-- PROVIDED DATA follows --
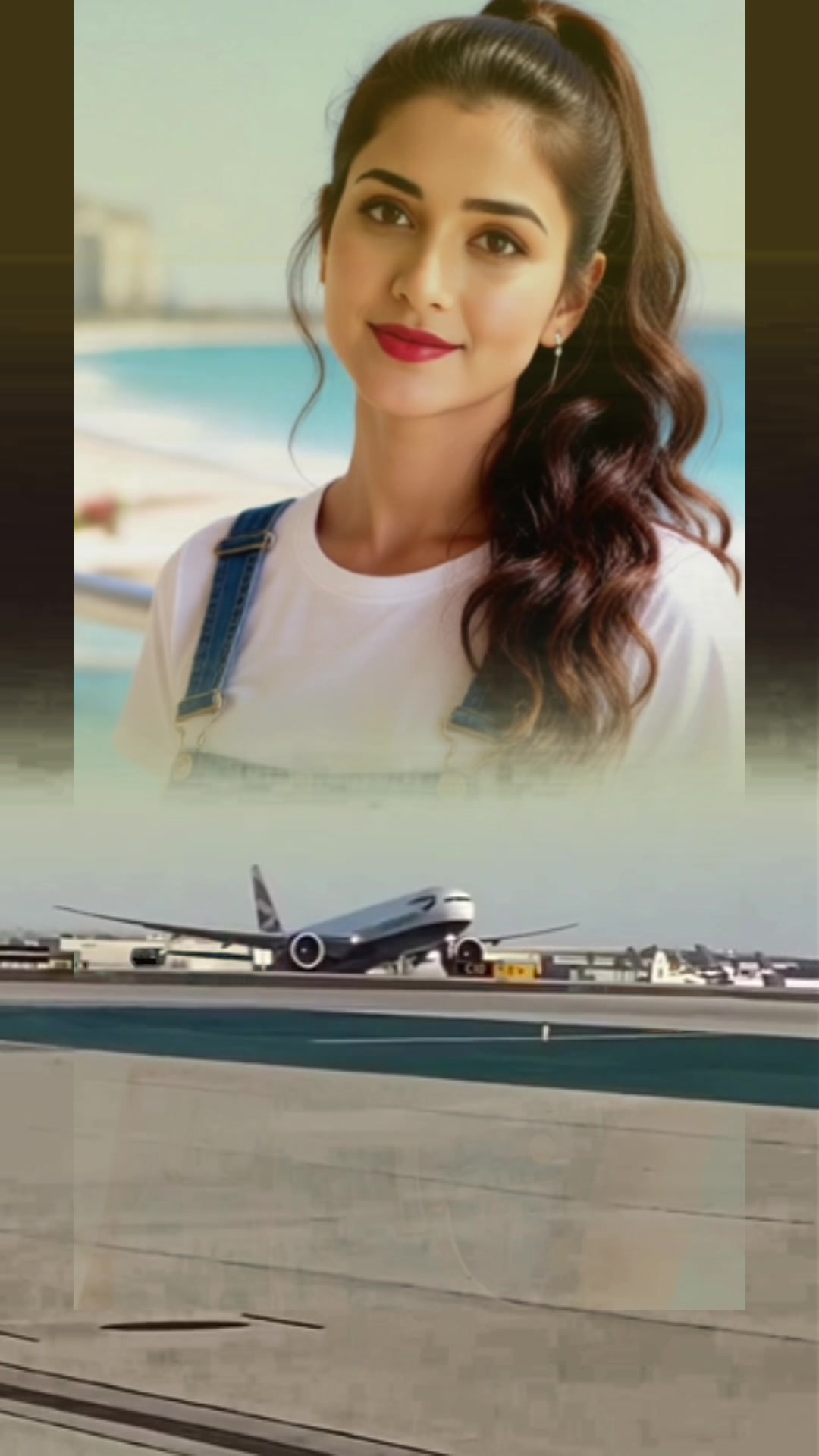 @💕Yalini@LYP santhy 💕🥰😍😘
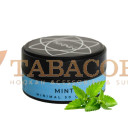 Табак для кальяна Minimal Mint (Мята) 50 гр. Фото.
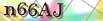 default Security Image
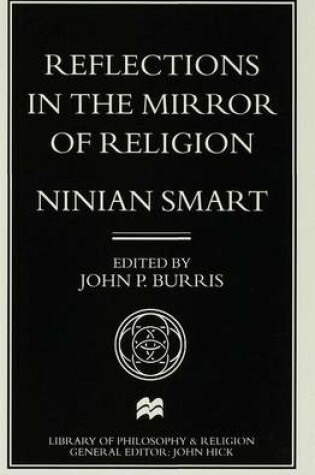 Cover of Reflections in the Mirror of Religion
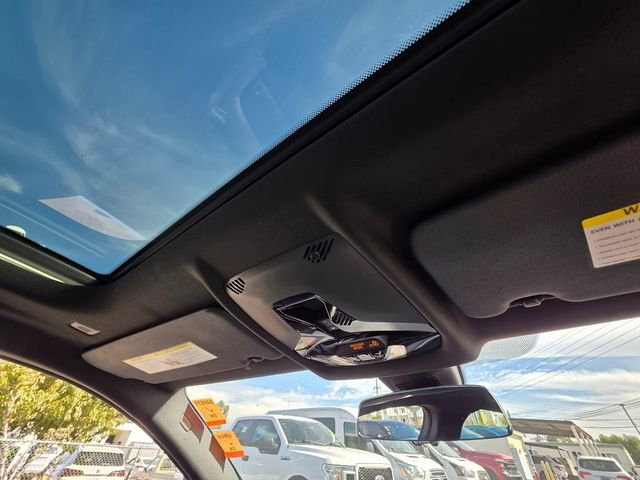 2022 BMW 2 Series 228i xDrive Gran Coupe - 22935313 - 12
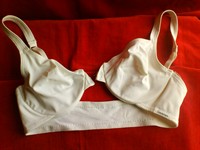 sutien  CALVIN  KLEIN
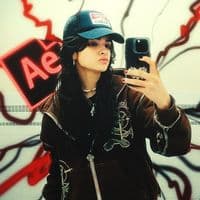 TikTok Account - joelmillersedits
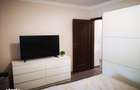 Apartament Premium de Lux MV2 partnert 2 cam - 4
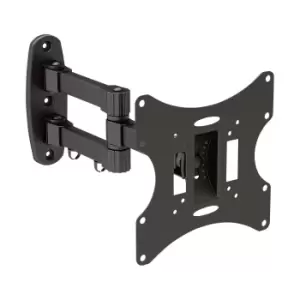 InLine Wall Bracket for TFT / LED / Plasma 58 - 107cm 23 - 42"...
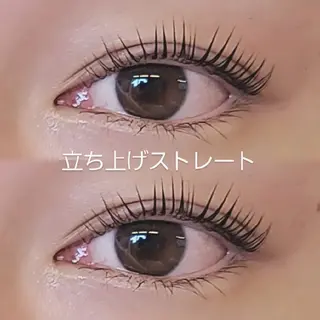 マツエク・マツパ lala eyelash 三田/田町店所属・lala 三田/田町AOIのその他イメージ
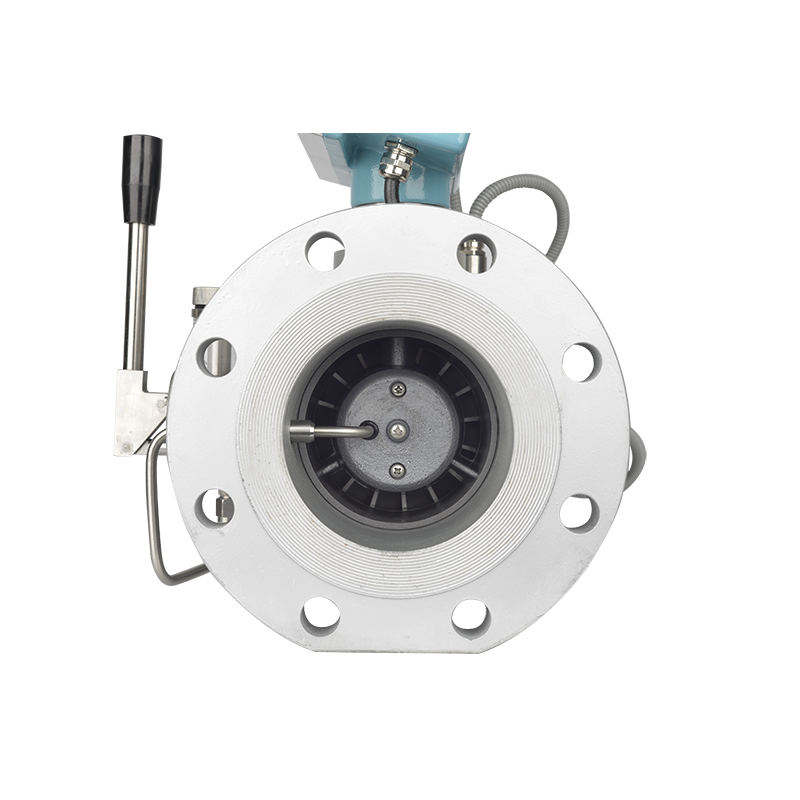 Buy Auto Electronic Volume Corrector Evc Natural Gas Turbine Flow Meter From Kaifeng Philemon 8710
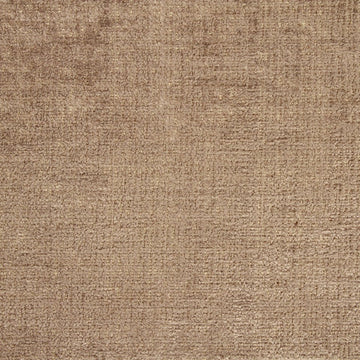 Grand Chenille | Toast - Upholstery - Fabric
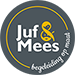 Juf&Mees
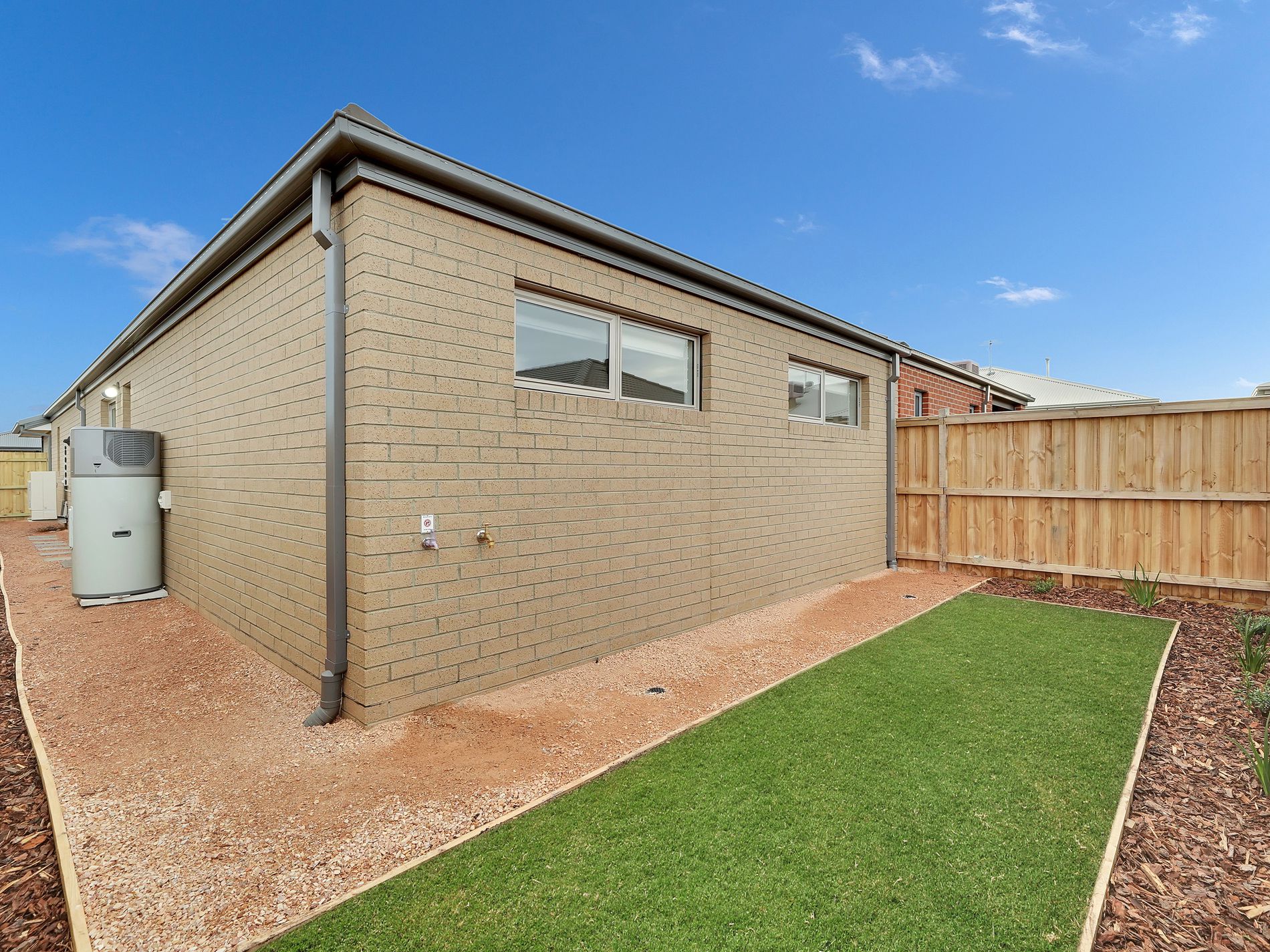 8 Fawn Street, Wyndham Vale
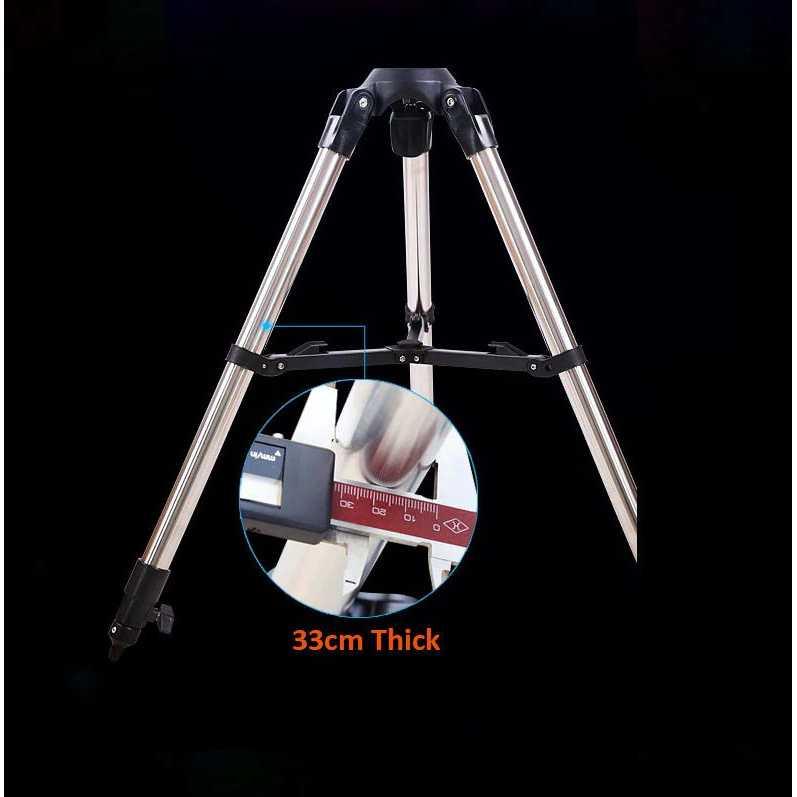 CELESTRON Teropong Bintang Astronomical Telescope Deluxe 80EQ Teleskop Bintang Teleskop Bintang Telescope Buntung Telescope Buntung Teleskop Marcol Teleskop Marcol Teleskop Eagle Teleskop Eagle Telescope Spike Telescope Spike Telescope T Eagle Telescope T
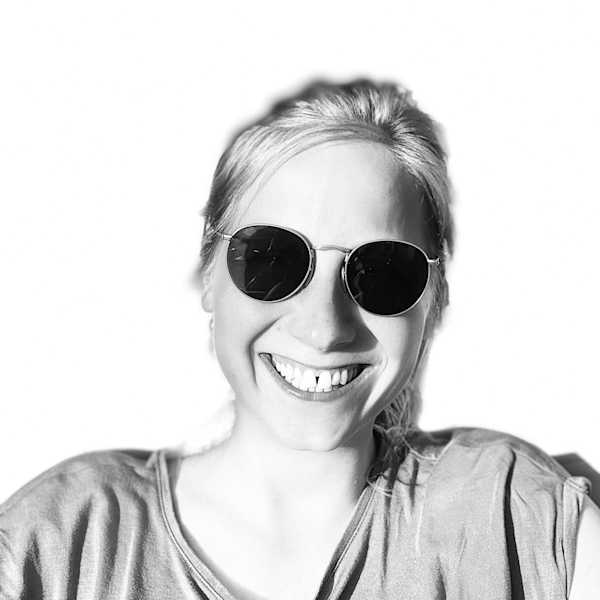 person image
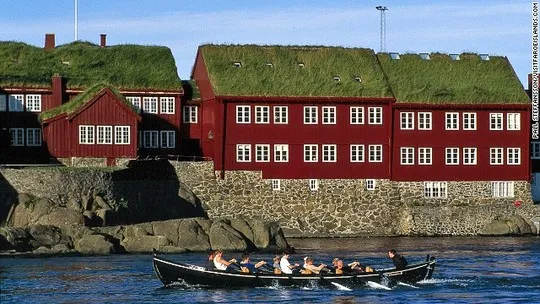 Sông Mekong nằm trong top 10 điểm đến hết ý cho năm 2015 ảnh 4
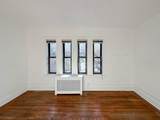 36 Duncan Ave - Photo 10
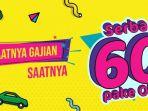promo-gajian-ovo-cashback-60-persen.jpg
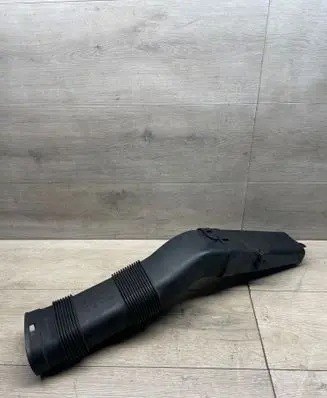 BMW 3 F30 F35 F31 Air intake duct part 8507567 70529002 10991213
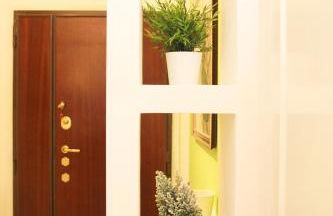 Maison Velia - Foto 6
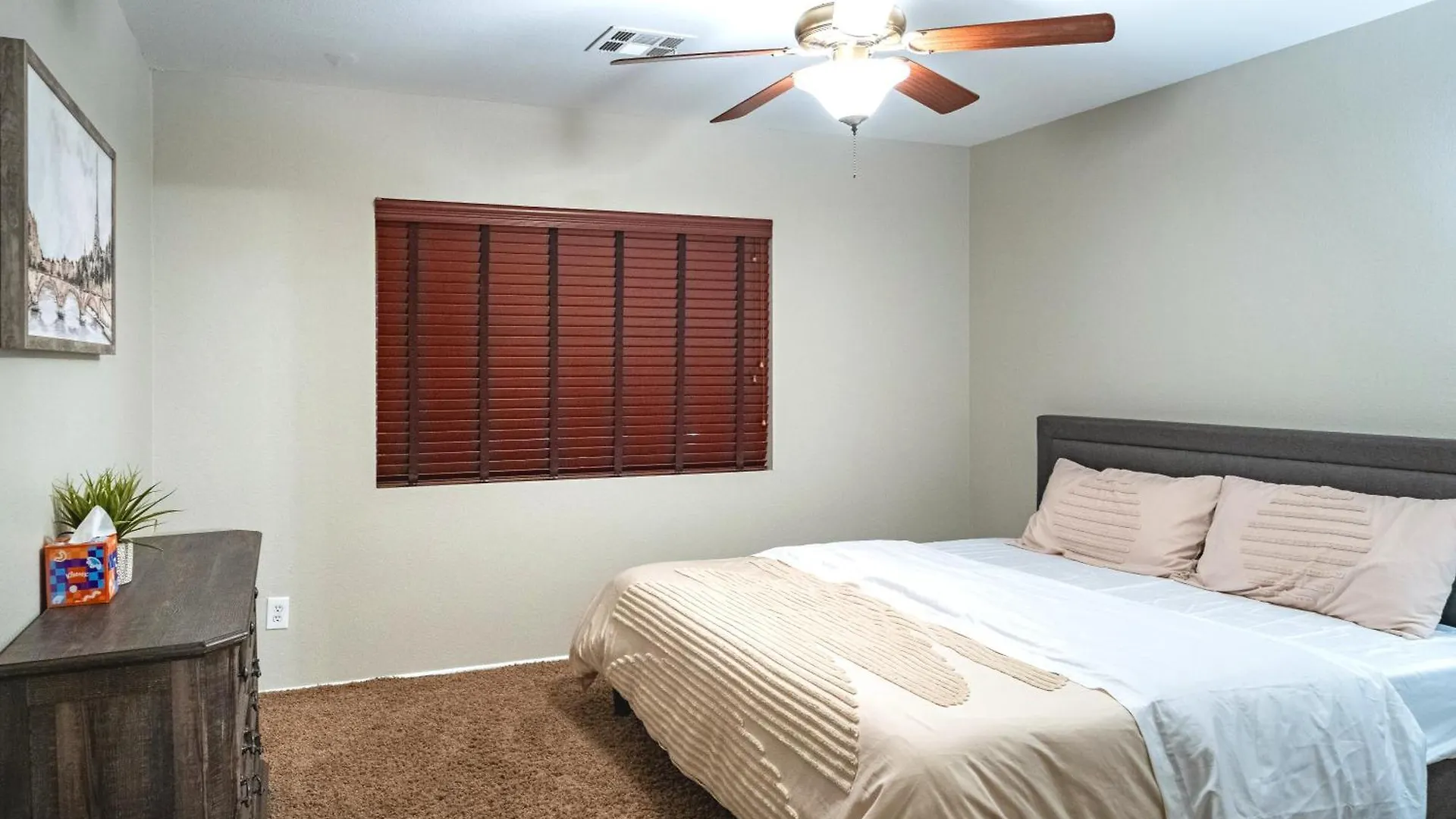 Villa 5Br 3Ba Family Friendly Entire Home W Pool, Spa, Games, Tvs, And More Las Vegas United States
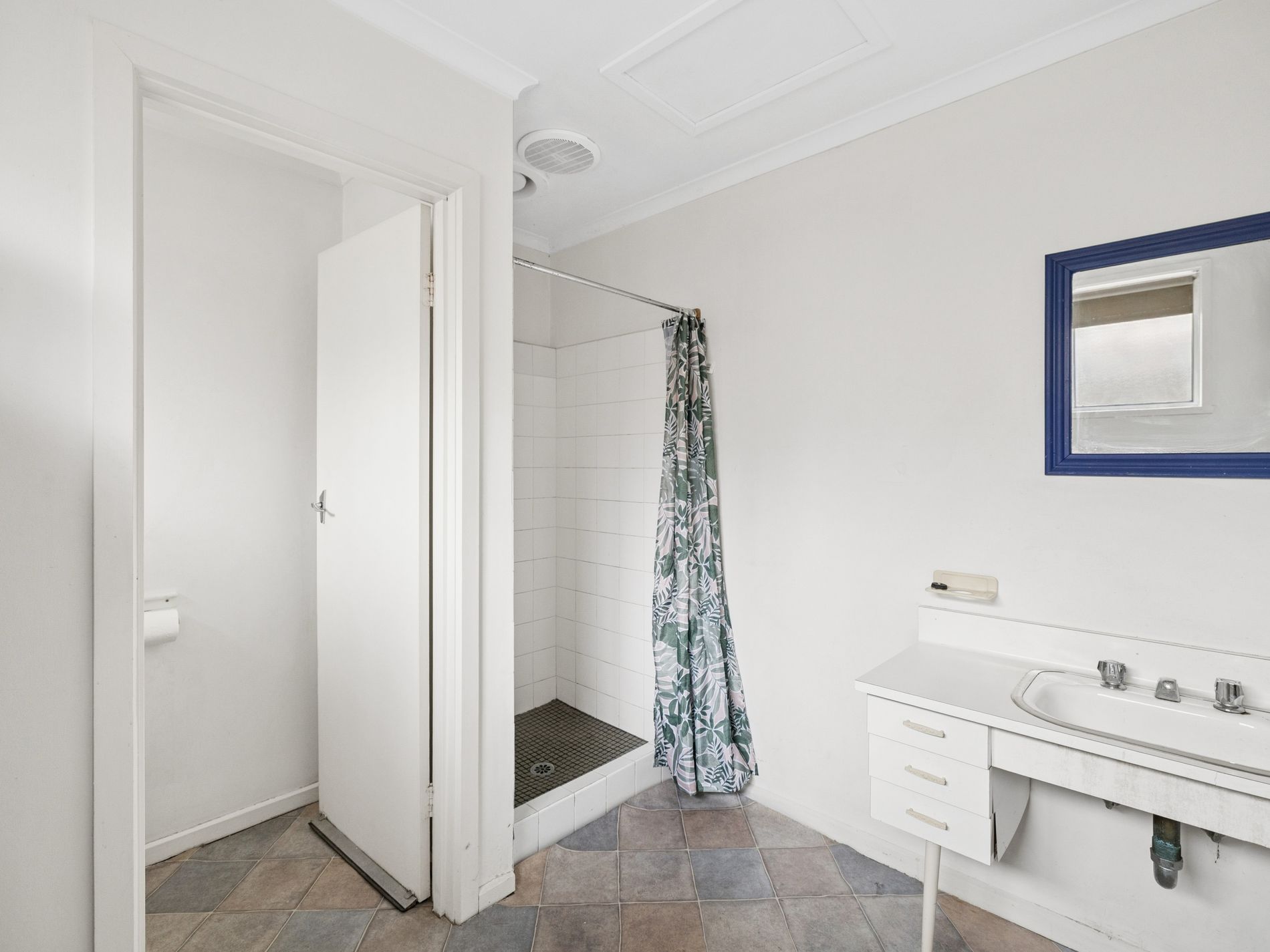3/112 Blackshaws Road, South Kingsville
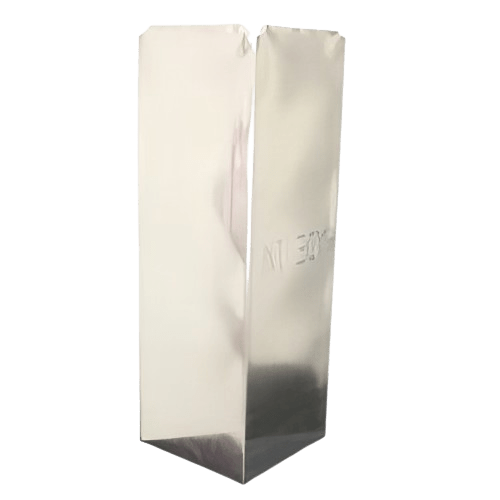 236124398.png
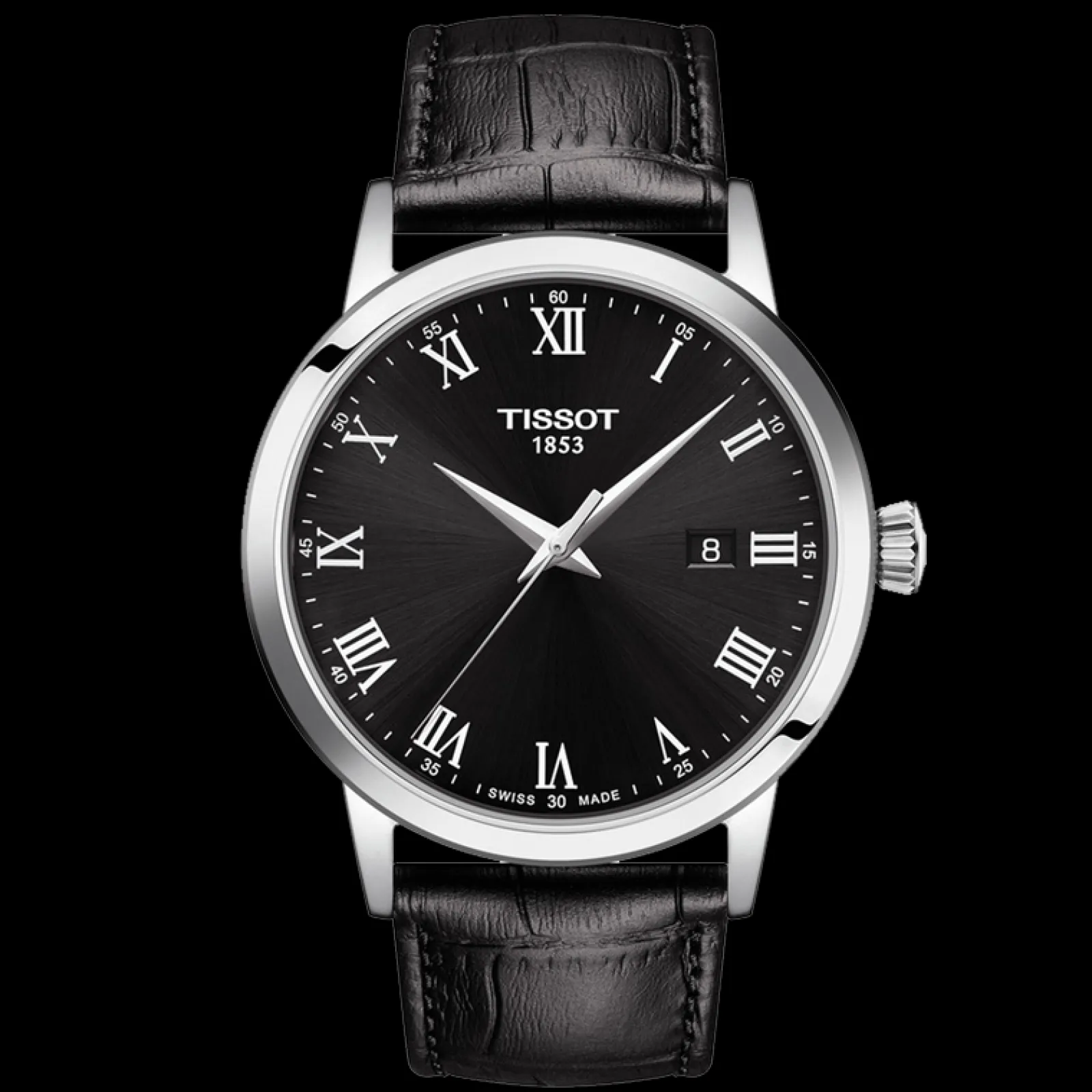 Classic Dream-Tissot Best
-- PROVIDED DATA concluded --
WHAT YOU ARE ASKED TO DO
The answer must be the lines above, word for word, from the first one through the line with "8 Fawn Street, Wyndham Vale", pictures excluded.

OUTPUT OF THE TASK
 @💕Yalini@LYP santhy 💕🥰😍😘
 Табак для кальяна Minimal Mint (Мята) 50 гр. Фото.
 default Security Image
 Cover of Reflections in the Mirror of Religion
 2022 BMW 2 Series 228i xDrive Gran Coupe - 22935313 - 12
 sutien  CALVIN  KLEIN
 TikTok Account - joelmillersedits
 Apartament Premium de Lux MV2 partnert 2 cam - 4
 InLine Wall Bracket for TFT / LED / Plasma 58 - 107cm 23 - 42"...
 マツエク・マツパ lala eyelash 三田/田町店所属・lala 三田/田町AOIのその他イメージ
 Buy Auto Electronic Volume Corrector Evc Natural Gas Turbine Flow Meter From Kaifeng Philemon 8710
 Grand Chenille | Toast - Upholstery - Fabric
 Juf&Mees
 8 Fawn Street, Wyndham Vale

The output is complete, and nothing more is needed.